Deducing that Savitski was killed by a poisoned cigar, the same way the suicide victim on the ship was killed, Tom instructs Lefty to pose as the photographer when Valdez and Carmela enter his office with guns drawn. When Tom steps out of the shadows, the pair identify themselves as Mexican counter-espionage agents and explain that Diane was killed because she knew too much. After Tom notifies Donovan of Savitski's murder, he brings back the photographer's magazines.

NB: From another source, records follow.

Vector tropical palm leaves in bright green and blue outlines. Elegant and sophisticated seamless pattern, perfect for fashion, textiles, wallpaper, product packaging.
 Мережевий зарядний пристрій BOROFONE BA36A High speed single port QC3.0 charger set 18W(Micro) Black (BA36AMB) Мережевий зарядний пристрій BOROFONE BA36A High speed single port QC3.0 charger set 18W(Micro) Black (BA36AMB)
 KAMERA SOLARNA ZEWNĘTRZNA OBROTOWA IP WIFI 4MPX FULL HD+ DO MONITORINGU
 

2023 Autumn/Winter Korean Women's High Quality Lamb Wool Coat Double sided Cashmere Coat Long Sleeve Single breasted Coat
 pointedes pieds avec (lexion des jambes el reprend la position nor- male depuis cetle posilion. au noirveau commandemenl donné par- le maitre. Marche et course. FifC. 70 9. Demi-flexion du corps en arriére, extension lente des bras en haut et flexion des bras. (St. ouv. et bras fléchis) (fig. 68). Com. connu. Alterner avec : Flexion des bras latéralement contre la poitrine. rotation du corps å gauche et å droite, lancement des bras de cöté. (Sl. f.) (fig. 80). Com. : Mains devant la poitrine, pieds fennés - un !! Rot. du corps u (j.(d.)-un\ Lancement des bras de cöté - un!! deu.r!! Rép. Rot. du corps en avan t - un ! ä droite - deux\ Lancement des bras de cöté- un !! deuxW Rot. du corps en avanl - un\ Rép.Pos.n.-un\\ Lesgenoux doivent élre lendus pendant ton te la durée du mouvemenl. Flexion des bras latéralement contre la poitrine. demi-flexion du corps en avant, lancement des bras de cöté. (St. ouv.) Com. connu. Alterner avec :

Certain that Harrington is involved in the murders, Tom and Lefty realize a magazine cover dated December 7, prophesying the Pearl Harbor attack and another magazine cover indicates an incident will take place that day at a Long Island inn.

Tom and Marcia speed off to stop the sabotage, while the Falcon regains consciousness and joins Lefty on a trip to Long Island where German agents have been preparing for an attack and Harrington is one of them. After capturing Tom and Marcia and locking them in a bell tower, the agents go ahead with their plan to assassinate a Latin American envoy as his aircraft lands. Tom manages to ring the bell, just as the Falcon steps in front of the diplomat, sacrificing his own life for that of an ally. With the spy ring smashed, Tom takes up where his brother left off, becoming the new Falcon.

==Cast==

- George Sanders as Gay Lawrence/The Falcon
- Tom Conway as Tom Lawrence/The Falcon
- Jane Randolph as Marcia Brooks
- Don Barclay as Lefty
- Cliff Clark as Inspector Timothy Donovan
- Edward Gargan as Detective Bates
- Eddie Dunn as Detective Grimes
- Charlotte Wynters as Arlette
- James Newill as Paul Harrington
- Keye Luke as Jerry
- Amanda Varela as Carmela
- George J. Lewis as Valdez
- Gwili Andre as Diane Medford
- André Charlot as Savitski
- Mary Halsey as Miss Ross
- Charles Arnt as Pat Moffett
- Richard Martin as Steamship Official
- Julie Warren as Flashy girl
- Ken Harlan as Torrence
- Andre Marsaudon as Dr. De Sola
- John Dilson as Ship's Doctor
- Eddy Chandler as First Mate
- Jack Gargan as Steward
- Tommy Tucker as Boy
- Kay Aldridge as Spanish Model
- Georgia Carroll as Cover Girl
- Bonnie Kildare as Miss Honolulu
- Max Waizman as Devlin
- Percy Launders as Doorman
- Ralph Brooks as Attendant

==Production==
In January 1942, George Sanders reported he no longer wished to make films in The Falcon series. Although he was being replaced by his elder brother Tom Conway, Sanders wanted out of the series and insisted that his character Gay Lawrence be killed off in The Falcon's Brother. RKO had wanted to have Sanders star in one more Falcon film with the enticement that having his brother take over the lead role would further his career. In the end, the Conway-starred films had more financial success than those that featured Sanders.

==Reception==
===Critical===
In his review of The Falcon's Brother, Bosley Crowther wrote, in The New York Times, "... in this final encounter of the gay detective with the criminally inclined, Mr. Sanders only opens the snooping and then is conveniently retired while his true (as well as fictional) brother, Tom Conway, takes over the pursuit. And then, in the end, Mr. Sanders is unconditionally killed—killed in heroic line of duty—while Mr. Conway is left to carry on. Thus one Falcon passes, but another is providentially fledged. It is too bad that as much ingenuity as was used to effect this interfraternal switch was not put into the further contrivance of a plot. As it is, The Falcon's Brother is just a moderately confusing mystery tale, boasting but three casual murders and the final disposition of Mr. S. Nazi spies, it turns out, are the villains, and that's pretty routine these days. And, ungraciously perhaps, it must be stated that Mr. Conway is only fair as a hero. His voice is like Mr. Sanders's, but his manners are not quite so suave."

===Box Office===
The Falcon's Brother earned a profit of $128,000.